Copy out exactly the lines below that run from the one holding "interior space featuring" to the one holding "Home with brick", keeping both of those lines and no others.

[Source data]
+ + + +
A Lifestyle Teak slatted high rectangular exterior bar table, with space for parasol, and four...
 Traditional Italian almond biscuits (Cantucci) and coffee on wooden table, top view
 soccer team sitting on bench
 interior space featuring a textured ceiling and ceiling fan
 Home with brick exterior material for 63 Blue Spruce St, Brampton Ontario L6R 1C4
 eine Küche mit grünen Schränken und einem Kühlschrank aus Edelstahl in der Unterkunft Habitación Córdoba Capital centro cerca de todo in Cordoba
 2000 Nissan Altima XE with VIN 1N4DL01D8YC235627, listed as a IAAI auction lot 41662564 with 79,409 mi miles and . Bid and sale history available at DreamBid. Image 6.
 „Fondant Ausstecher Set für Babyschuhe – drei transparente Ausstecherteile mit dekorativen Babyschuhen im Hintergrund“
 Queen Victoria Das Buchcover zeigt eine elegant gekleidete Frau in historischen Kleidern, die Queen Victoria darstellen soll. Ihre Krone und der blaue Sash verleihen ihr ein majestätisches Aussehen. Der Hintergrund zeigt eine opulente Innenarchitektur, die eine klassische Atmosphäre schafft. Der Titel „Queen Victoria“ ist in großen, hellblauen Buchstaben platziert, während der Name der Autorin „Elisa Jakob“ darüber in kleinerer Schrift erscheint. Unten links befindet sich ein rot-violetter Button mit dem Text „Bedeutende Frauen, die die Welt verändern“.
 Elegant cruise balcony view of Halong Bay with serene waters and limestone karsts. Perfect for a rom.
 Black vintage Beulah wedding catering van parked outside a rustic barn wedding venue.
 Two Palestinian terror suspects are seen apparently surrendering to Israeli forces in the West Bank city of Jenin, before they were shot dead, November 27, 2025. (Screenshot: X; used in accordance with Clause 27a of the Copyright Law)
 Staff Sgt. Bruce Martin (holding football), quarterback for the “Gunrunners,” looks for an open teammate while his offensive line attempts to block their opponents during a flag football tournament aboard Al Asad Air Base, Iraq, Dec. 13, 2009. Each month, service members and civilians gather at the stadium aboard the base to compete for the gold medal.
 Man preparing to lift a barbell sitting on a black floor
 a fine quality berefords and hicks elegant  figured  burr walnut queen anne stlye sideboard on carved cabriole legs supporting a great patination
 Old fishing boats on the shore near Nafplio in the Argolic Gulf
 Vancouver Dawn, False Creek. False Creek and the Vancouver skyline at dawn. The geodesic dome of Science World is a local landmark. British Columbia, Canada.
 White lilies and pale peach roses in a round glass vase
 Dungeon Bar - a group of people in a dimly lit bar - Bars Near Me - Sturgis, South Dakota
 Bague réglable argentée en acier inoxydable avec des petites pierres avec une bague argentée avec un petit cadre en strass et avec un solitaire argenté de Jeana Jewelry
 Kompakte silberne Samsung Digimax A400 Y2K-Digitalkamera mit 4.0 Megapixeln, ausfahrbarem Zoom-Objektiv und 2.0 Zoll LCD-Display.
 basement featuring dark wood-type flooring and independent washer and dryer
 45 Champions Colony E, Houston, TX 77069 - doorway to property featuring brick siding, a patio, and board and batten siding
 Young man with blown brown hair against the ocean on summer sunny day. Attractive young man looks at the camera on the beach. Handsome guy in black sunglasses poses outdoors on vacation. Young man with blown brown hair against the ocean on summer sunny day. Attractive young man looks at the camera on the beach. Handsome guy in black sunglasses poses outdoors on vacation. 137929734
+ + + +
• _Exercise response_
 interior space featuring a textured ceiling and ceiling fan
 Home with brick exterior material for 63 Blue Spruce St, Brampton Ontario L6R 1C4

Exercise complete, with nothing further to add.